■ **About this exercise**:
Your task is to retype, word for word, the lines from the start of the data through the line holding "Split panorama en vivo". Do not include the pictures.

★ ★ ★ ★

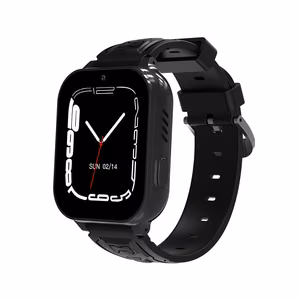 Blavec Смарт-часы K-02 Kids Voice Call / GPS / 4G / SOS (SWK02-B) чёрные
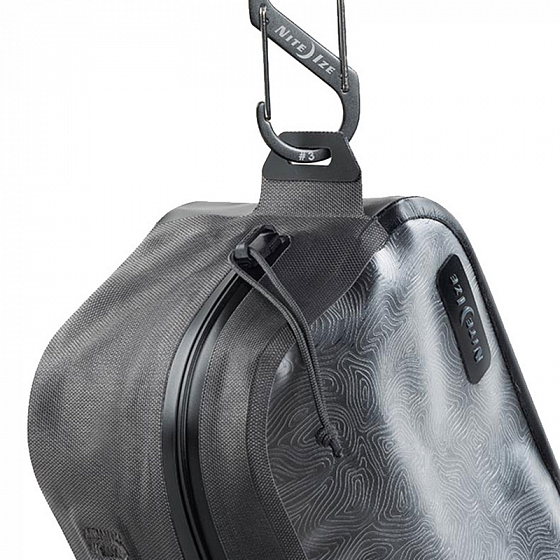 Косметичка Nite Ize Runoff Waterproof Medium Small Cube  A/S от Nite Ize в интернет магазине www.traektoria.ru - 6 фото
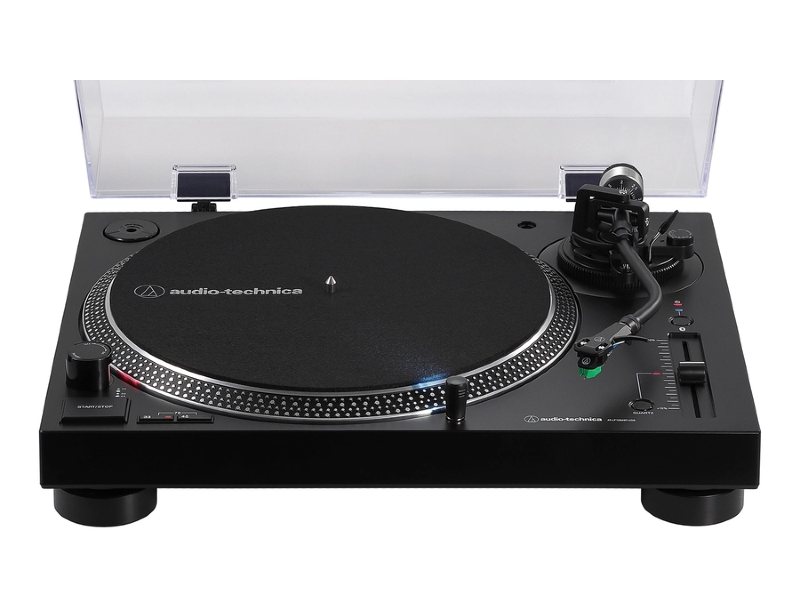 User audio setup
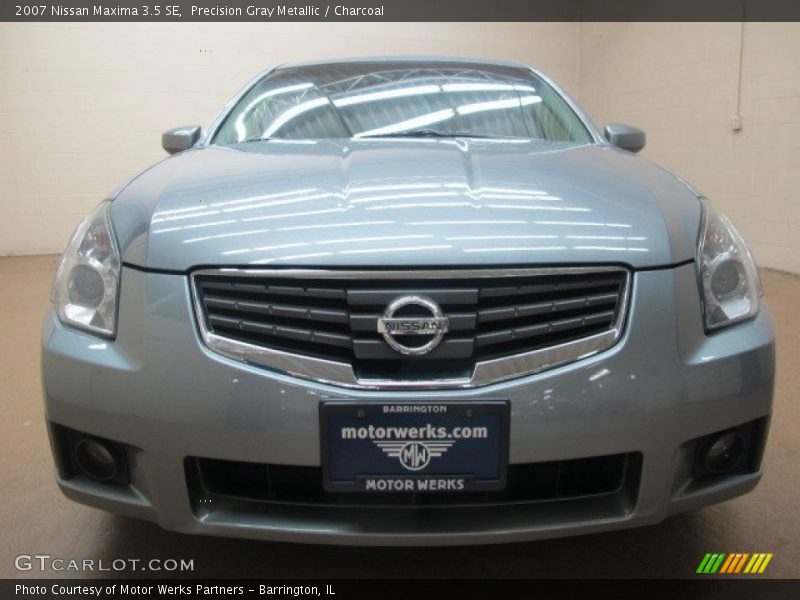 Precision Gray Metallic / Charcoal 2007 Nissan Maxima 3.5 SE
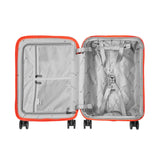 【代理直送，約2星期送出】鋼芯「全能」喼神 - Daycrown 日本剎車靜音輪前揭+中開行李箱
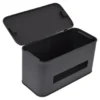 LOFT42 Pali Tissuebox - Metaal - Zwart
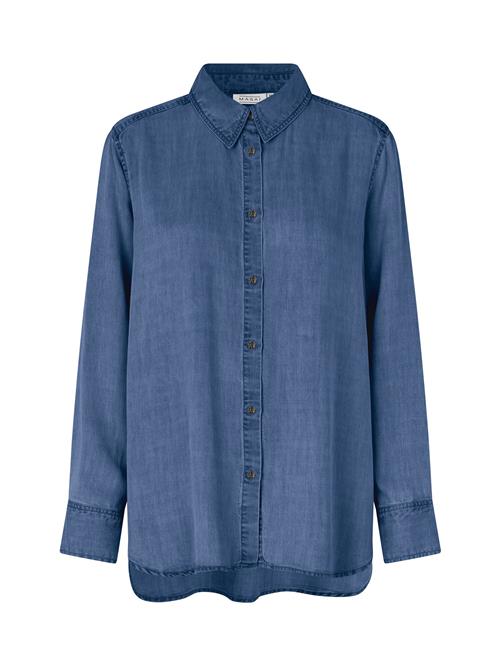 Masai Bluse  blue denim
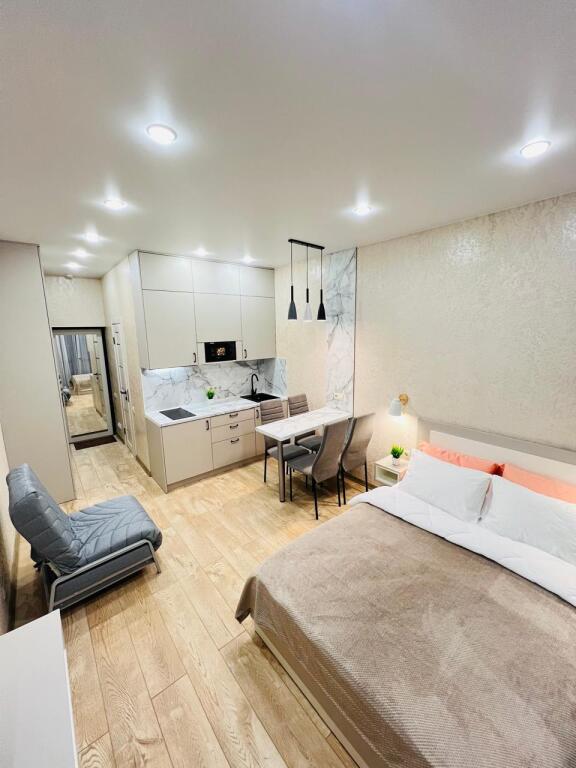 Фотография квартиры Апартаменты 3 местные с балконом и бассейном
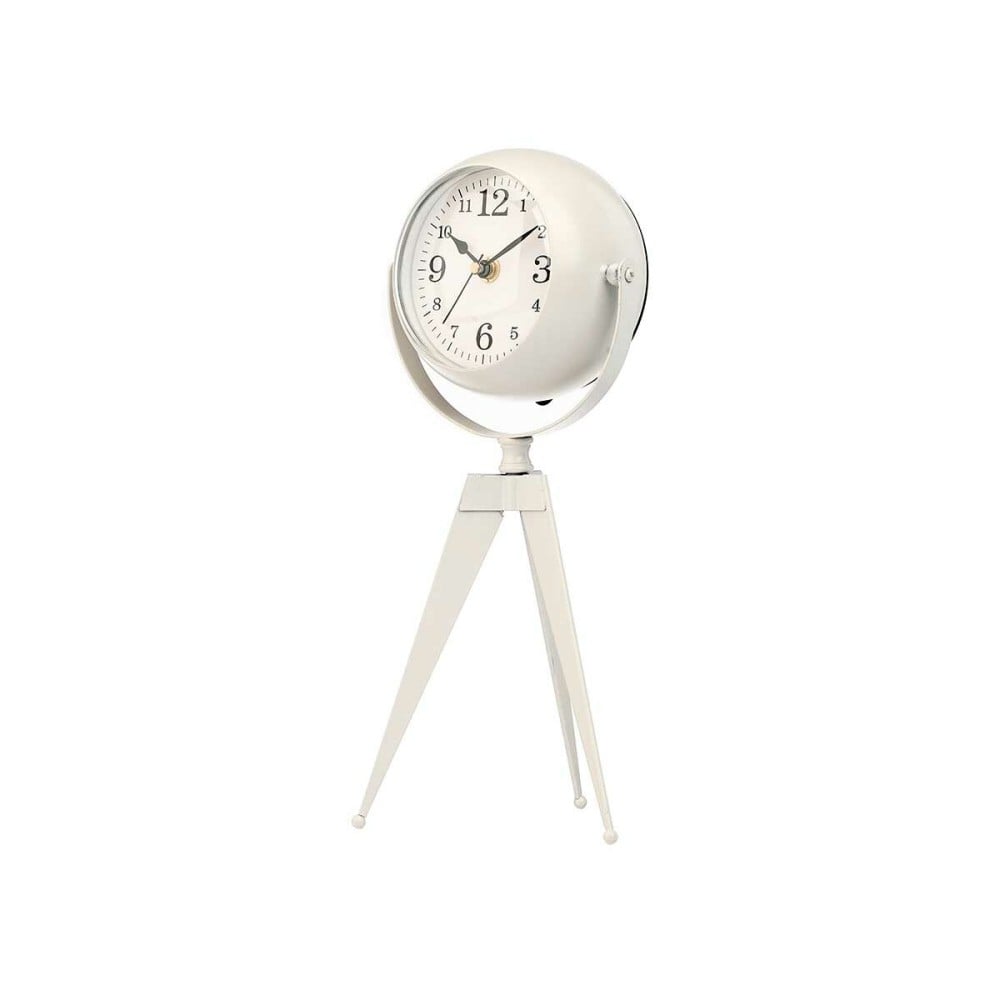 Table clock Gift Decor 905 White Tripod (4 Units)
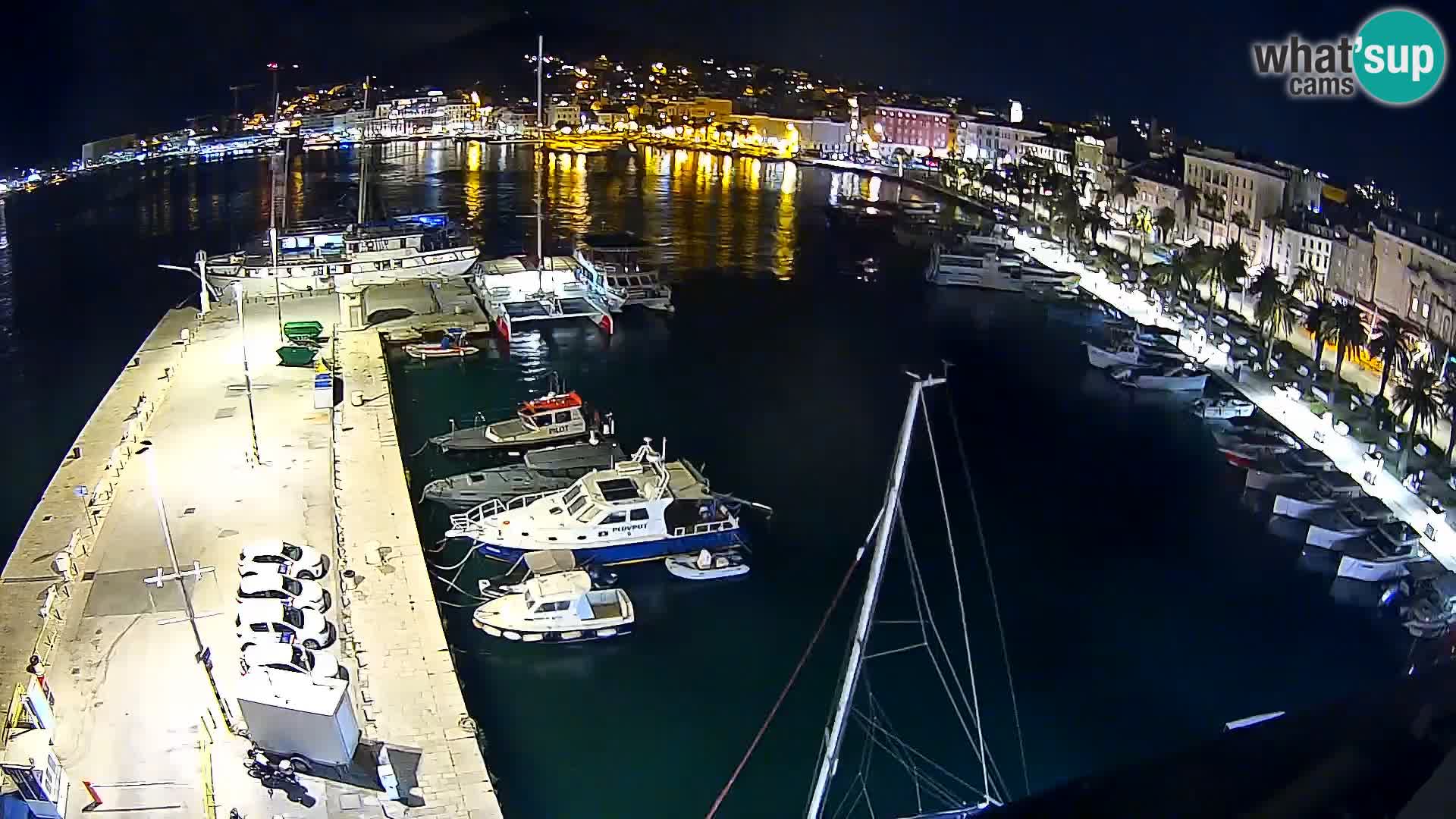 Split panorama en vivo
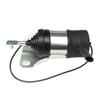For Kubota Fuel Shut Off Solenoid Valve for Models L2650 L2850 L2900 L2950 L3300 Matching OEM Part Number 1547160010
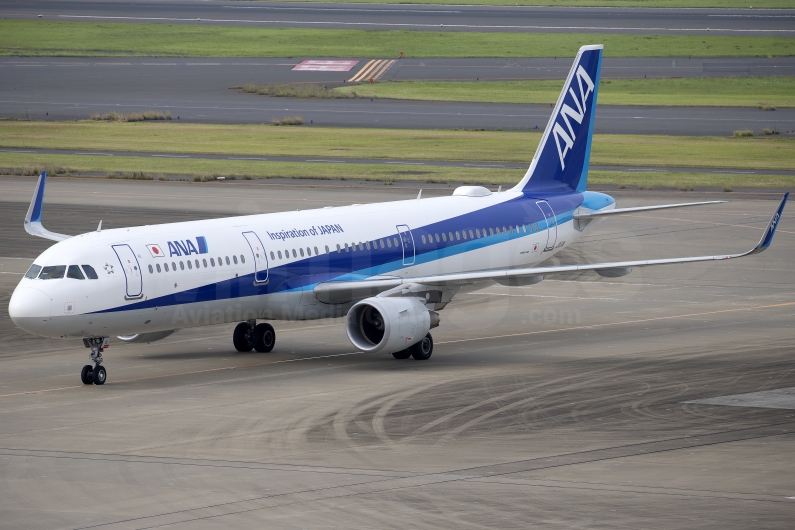 ANA - All Nippon Airways Airbus A321-211(WL) JA111A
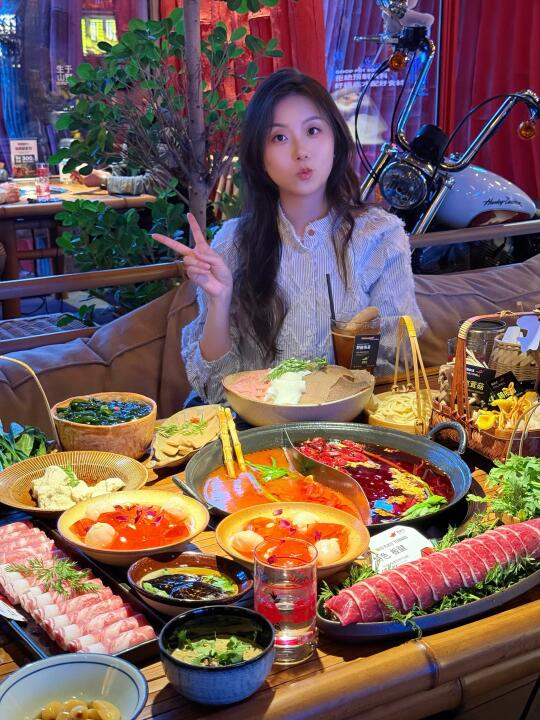 沈阳也有了！山野火锅！四刷了！好好吃啊！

★ ★ ★ ★

■ **Exercise solution**:
 Blavec Смарт-часы K-02 Kids Voice Call / GPS / 4G / SOS (SWK02-B) чёрные
 Косметичка Nite Ize Runoff Waterproof Medium Small Cube  A/S от Nite Ize в интернет магазине www.traektoria.ru - 6 фото
 User audio setup
 Precision Gray Metallic / Charcoal 2007 Nissan Maxima 3.5 SE
 【代理直送，約2星期送出】鋼芯「全能」喼神 - Daycrown 日本剎車靜音輪前揭+中開行李箱
 LOFT42 Pali Tissuebox - Metaal - Zwart
 Masai Bluse  blue denim
 Фотография квартиры Апартаменты 3 местные с балконом и бассейном
 Table clock Gift Decor 905 White Tripod (4 Units)
 Split panorama en vivo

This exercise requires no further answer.